How to get around LIKE inefficiencies?

Started by The Hermit Hackerover 25 years ago25 messageshackers

The Hermit Hacker

scrappy@hub.org

over 25 years ago

I'm tryin to figure out how to speed up udmsearch when run under
postgresql, and am being hit by atrocious performance when using a LIKE
query ... the query looks like:

SELECT ndict.url_id,ndict.intag
FROM ndict,url
WHERE ndict.word_id=1971739852
AND url.rec_id=ndict.url_id
AND (url.url LIKE 'http://www.postgresql.org/%');

Take off the AND ( LIKE ) part of the query, finishes almost as soon as
you hit return. Put it back in, and you can go for coffee before it
finishes ...

If I do 'SELECT url_id FROM ndict WHERE word_id=1971739852', there
are 153 records returned ... is there some way, that I'm not thinking, of
re-writing the above so that it 'resolves' the equality before the LIKE in
order to reduce the number of tuples that it has to do the LIKE on? Is
there some way of writing the above so that it doesn't take forever to
execute?

I'm running this on a Dual-PIII 450 Server, 512Meg of RAM, zero
swap space being used ... the database has its indices on one hard drive,
the tables themselves are on a second one ... its PgSQL 7.0.2 (Tom,
anything in v7.0.3 that might improve this?) and startup is as:

#!/bin/tcsh
setenv PORT 5432
setenv POSTMASTER /pgsql/bin/postmaster
unlimit
${POSTMASTER} -B 384 -N 192 \
-o "-F -S 32768" \
-i -p ${PORT} -D/pgsql/data >&
/pgsql/logs/postmaster.${PORT}.$$ &

So its not like I'm not throwing alot of resources at this ...

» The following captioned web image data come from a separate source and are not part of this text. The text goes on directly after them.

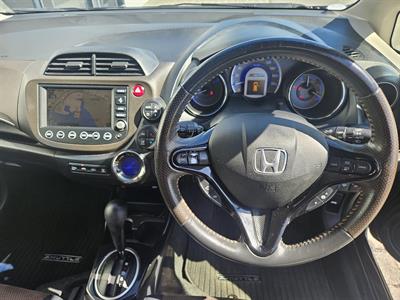 2012 Honda Fit Jazz Shuttle Hybrid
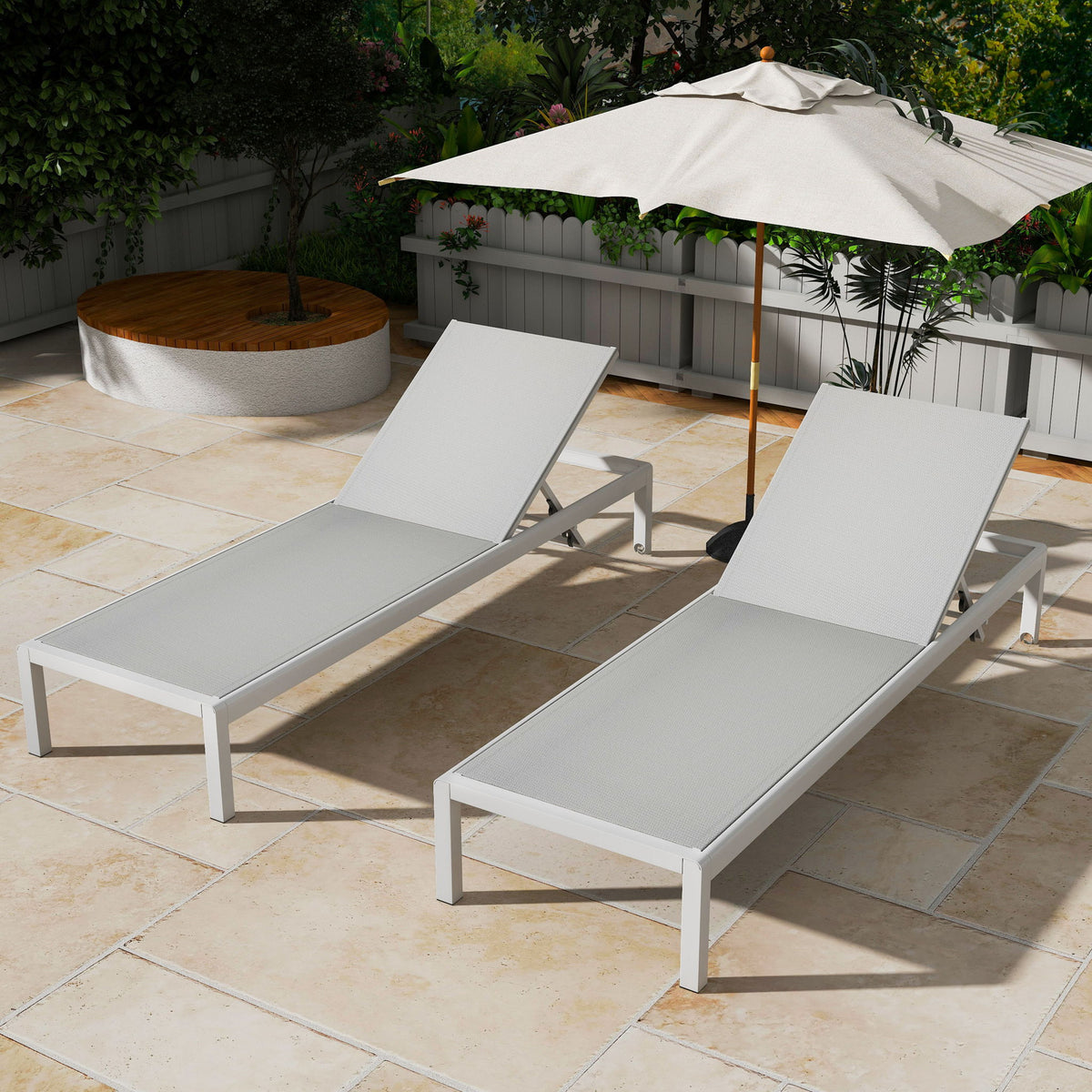Outdoor Patio Chaise Lounge With 5 Reclining Positions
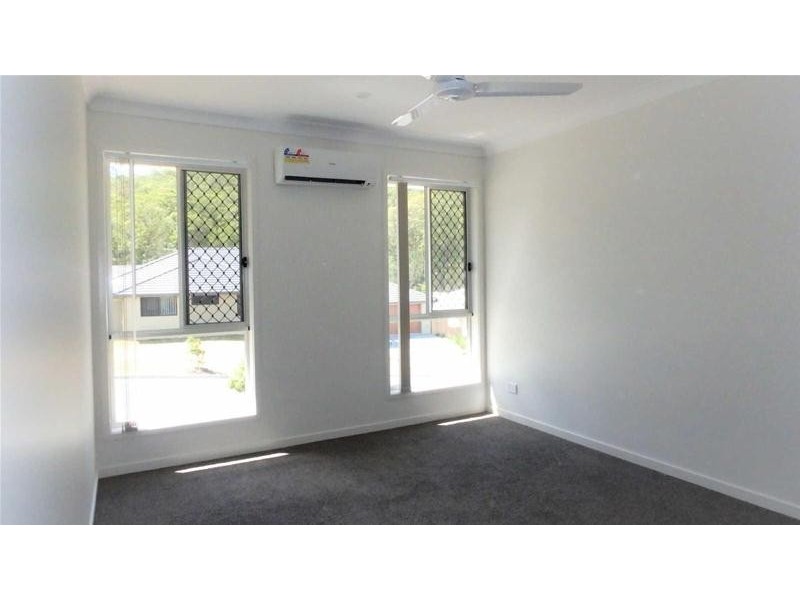 2/9  Bass Court, Oxenford QLD 4210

Is there anything that we can do to improve this? I was trying to
think of some way to use a subselect to narrow the search results, or
something ...

Oh, the above explains down to:

NOTICE: QUERY PLAN:

Nested Loop (cost=0.00..1195.14 rows=1 width=10)
-> Index Scan using url_url on url (cost=0.00..2.73 rows=1 width=4)
-> Index Scan using n_word on ndict (cost=0.00..1187.99 rows=353 width=6)

EXPLAIN

ndict: 663018 tuples
url: 29276 tuples

Marc G. Fournier ICQ#7615664 IRC Nick: Scrappy
Systems Administrator @ hub.org
primary: scrappy@hub.org secondary: scrappy@{freebsd|postgresql}.org

tgl@sss.pgh.pa.us

over 25 years ago

In reply to: The Hermit Hacker (#1)

Re: How to get around LIKE inefficiencies?

A brute-force answer would be to remove the url_url index ;-)
dunno if that would slow down other queries, however.

regards, tom lane

bruce@momjian.us

over 25 years ago

In reply to: Tom Lane (#2)

Re: How to get around LIKE inefficiencies?

Sorry to be getting in here late. Have you tried CLUSTER? If it is
using an index scan, and it is slow, cluster often helps, especially
when there are several duplicate matches, as there is with LIKE. Let me
know how that works.

A brute-force answer would be to remove the url_url index ;-)
dunno if that would slow down other queries, however.

regards, tom lane

-- 
  Bruce Momjian                        |  http://candle.pha.pa.us
  pgman@candle.pha.pa.us               |  (610) 853-3000
  +  If your life is a hard drive,     |  830 Blythe Avenue
  +  Christ can be your backup.        |  Drexel Hill, Pennsylvania 19026

tgl@sss.pgh.pa.us

over 25 years ago

In reply to: Bruce Momjian (#3)

Re: How to get around LIKE inefficiencies?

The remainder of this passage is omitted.